Non mi sembra. Quello che io auspicavo è la creazione di un sistema alternativo allo star system. Non che questo sia da demonizzare, ma non è l’unico modello possibile, e comunque può convivere con altre visioni filosofiche su come si dovrebbe fare questo lavoro. Ormai agli artisti viene richiesto anche molto self marketing. Questo è un dato inarrestabile nella società in cui viviamo, ma credo che questo non debba influenzare in alcun modo l’ascolto critico e consapevole da parte di chi sceglie gli artisti.

In questo senso penso che dobbiamo restare autonomi, e fidarci sempre e il più possibile delle nostre orecchie e della nostra conoscenza di quello che funzione in scena.

Credo inoltre che i Teatri dovrebbero rischiare di più. Perché non affidare dei progetti di regia a team creativi giovani, selezionati su concorso? Perché non cominciare a considerare le attività di avvicinamento del nuovo pubblico non più come un’attività collaterale, ma come parte integrante della programmazione?

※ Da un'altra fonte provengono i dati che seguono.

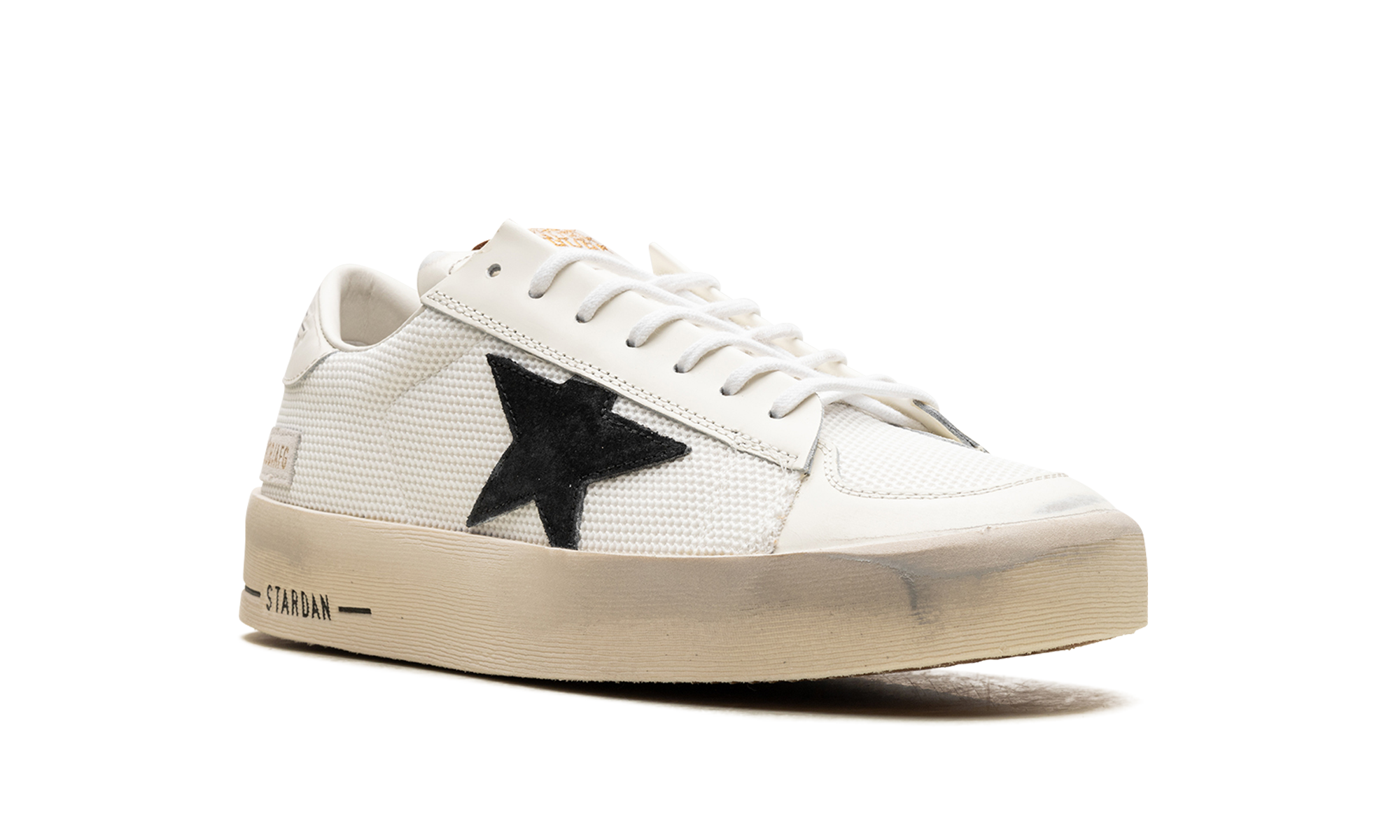 STARDAN NET UPPER SHINY LEATHER TOE AND HEEL SUEDE STAR "WHITE BLACK"、mysite、Cacoeks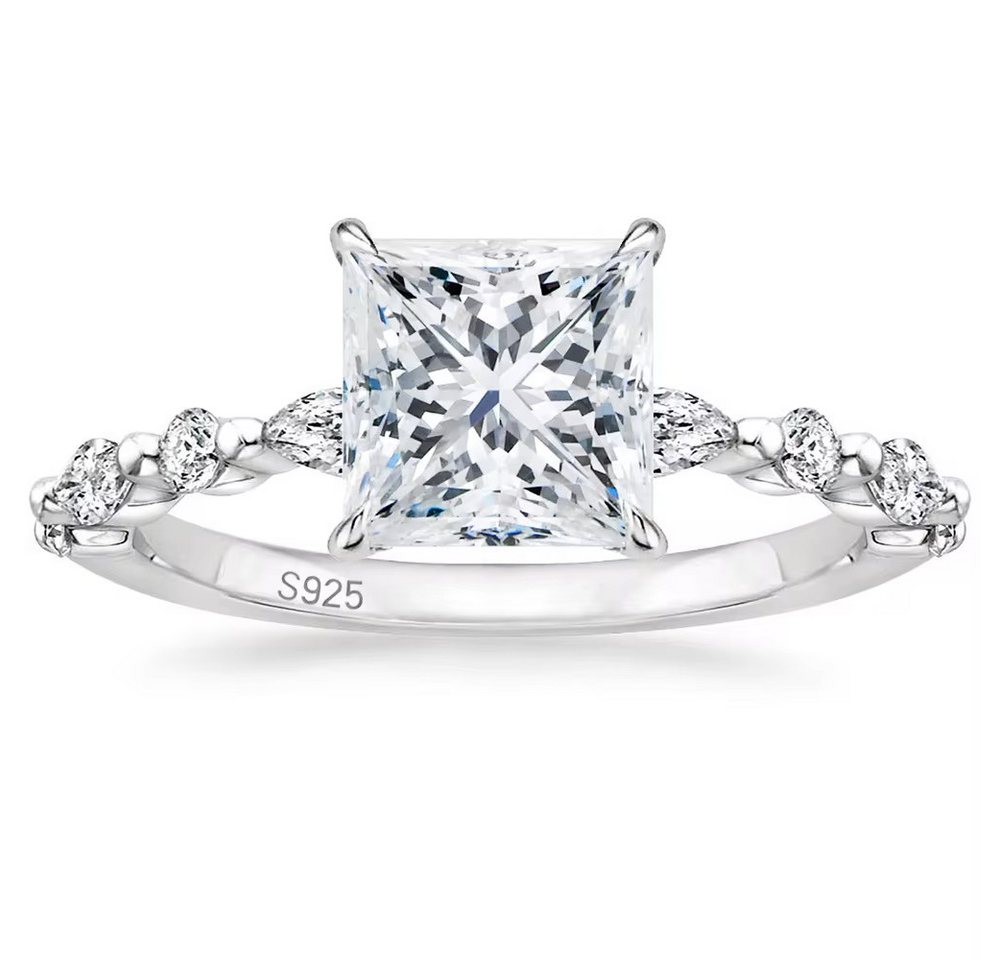 ROUGEMONT Silberring Eleganter Moissanit Damen Ring 925 Sterling Silber Gold Roségold, 925 sterling Silber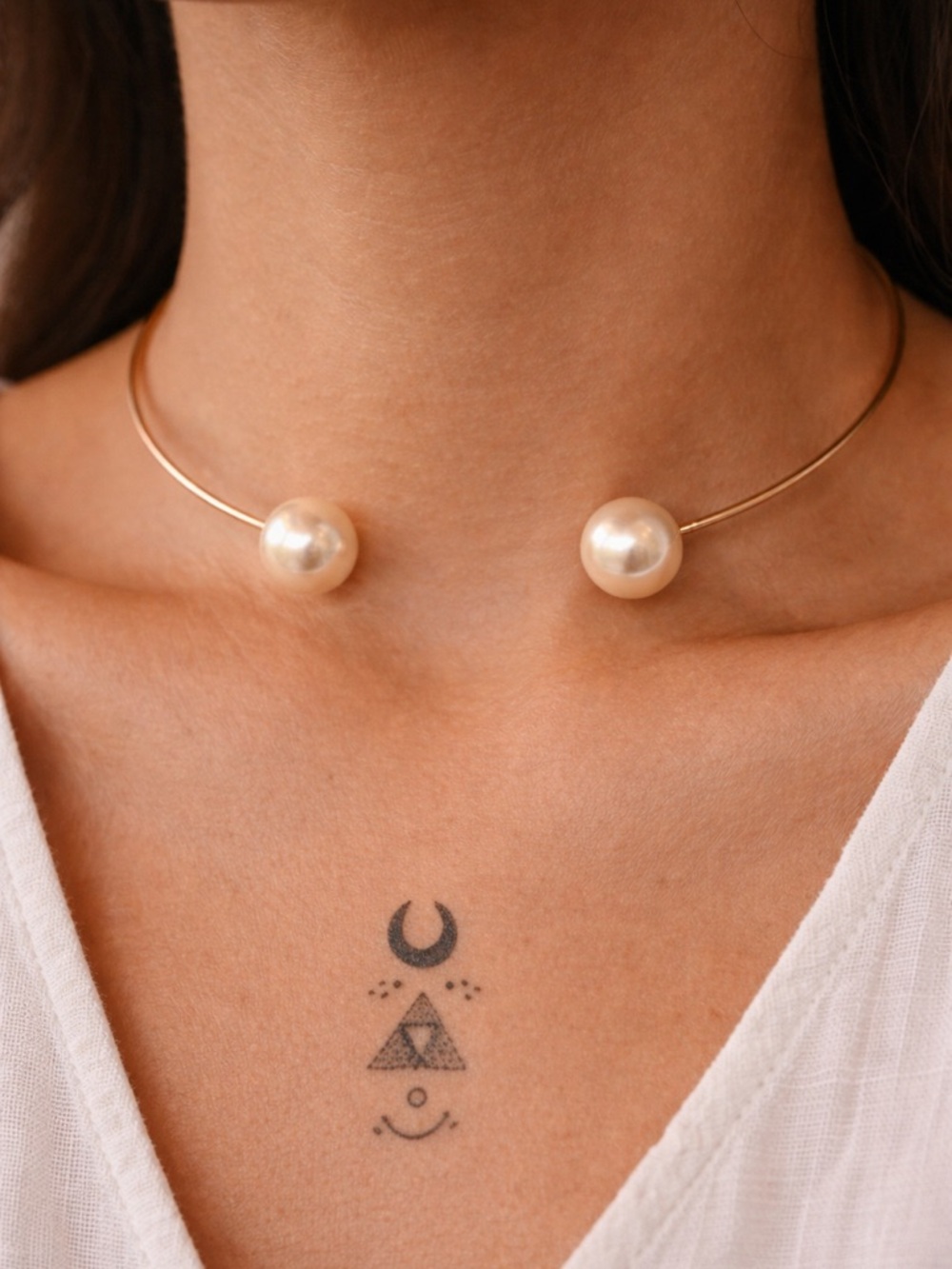 LOFT Rose Gold Pearl Open Choker Necklace Minimalist Double Pearl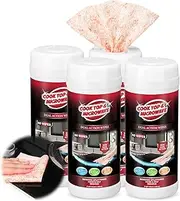 Nuanchu 4 Pack Glass Cooktop and Microwave Wipes 240 Count Glass Cooktop Cleaner Stove Oven Cleaner Dishwashing and Degreasing Wipes Cleaning Pads for Home and Kitchen Removes Food Stains Grime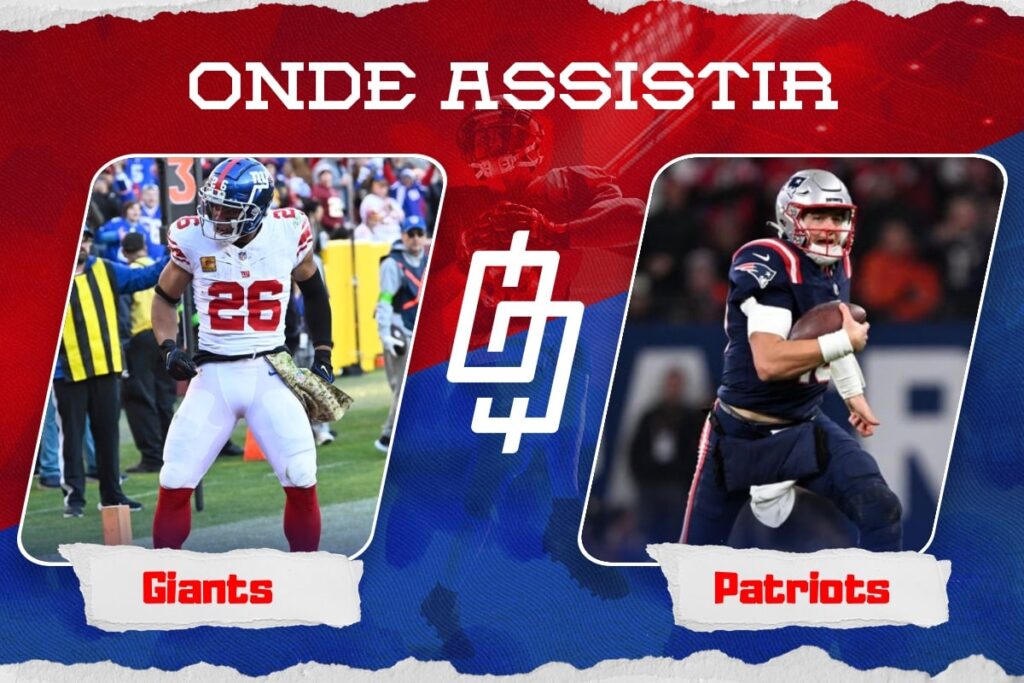 New York Giants x New England Patriots &ndash; Onde assistir e hor&aacute;rio &ndash; Semana 12 NFL &ndash; 26/11/2023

Non dovremmo dimenticarci che, in quanto istituzioni pubbliche, siamo anche il maggiore “datore di lavoro” per gli artisti, che sempre più faticano a valicare la barriera in ingresso del mercato.

Eleonora Pacetti, come vede il futuro del progetto Fabbrica?  

Credo che “Fabbrica” si sia già affermata a livello internazionale (se pensiamo per esempio che in sole tre edizioni abbiamo già avuto partecipanti dai quattro angoli del mondo…). Adesso mi piacerebbe consolidarci a livello locale, per diventare ancora di più un polo di riferimento per la Capitale, il Lazio e l’Italia.